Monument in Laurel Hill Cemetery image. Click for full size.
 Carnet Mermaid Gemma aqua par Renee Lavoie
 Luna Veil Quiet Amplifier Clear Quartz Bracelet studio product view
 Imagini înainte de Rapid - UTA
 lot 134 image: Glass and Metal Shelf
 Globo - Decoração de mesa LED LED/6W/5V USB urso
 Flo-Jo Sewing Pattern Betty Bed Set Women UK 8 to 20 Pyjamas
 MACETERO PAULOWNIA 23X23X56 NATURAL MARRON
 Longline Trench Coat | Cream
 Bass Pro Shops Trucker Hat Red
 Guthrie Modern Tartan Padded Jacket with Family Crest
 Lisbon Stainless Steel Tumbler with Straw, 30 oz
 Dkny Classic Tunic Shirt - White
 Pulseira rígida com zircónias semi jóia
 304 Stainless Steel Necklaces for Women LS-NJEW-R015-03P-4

__________________________________________________

◆ Try it
Reproduce all of the entries above verbatim.

◆ Finished task
Monument in Laurel Hill Cemetery image. Click for full size.
 Carnet Mermaid Gemma aqua par Renee Lavoie
 Luna Veil Quiet Amplifier Clear Quartz Bracelet studio product view
 Imagini înainte de Rapid - UTA
 lot 134 image: Glass and Metal Shelf
 Globo - Decoração de mesa LED LED/6W/5V USB urso
 Flo-Jo Sewing Pattern Betty Bed Set Women UK 8 to 20 Pyjamas
 MACETERO PAULOWNIA 23X23X56 NATURAL MARRON
 Longline Trench Coat | Cream
 Bass Pro Shops Trucker Hat Red
 Guthrie Modern Tartan Padded Jacket with Family Crest
 Lisbon Stainless Steel Tumbler with Straw, 30 oz
 Dkny Classic Tunic Shirt - White
 Pulseira rígida com zircónias semi jóia
 304 Stainless Steel Necklaces for Women LS-NJEW-R015-03P-4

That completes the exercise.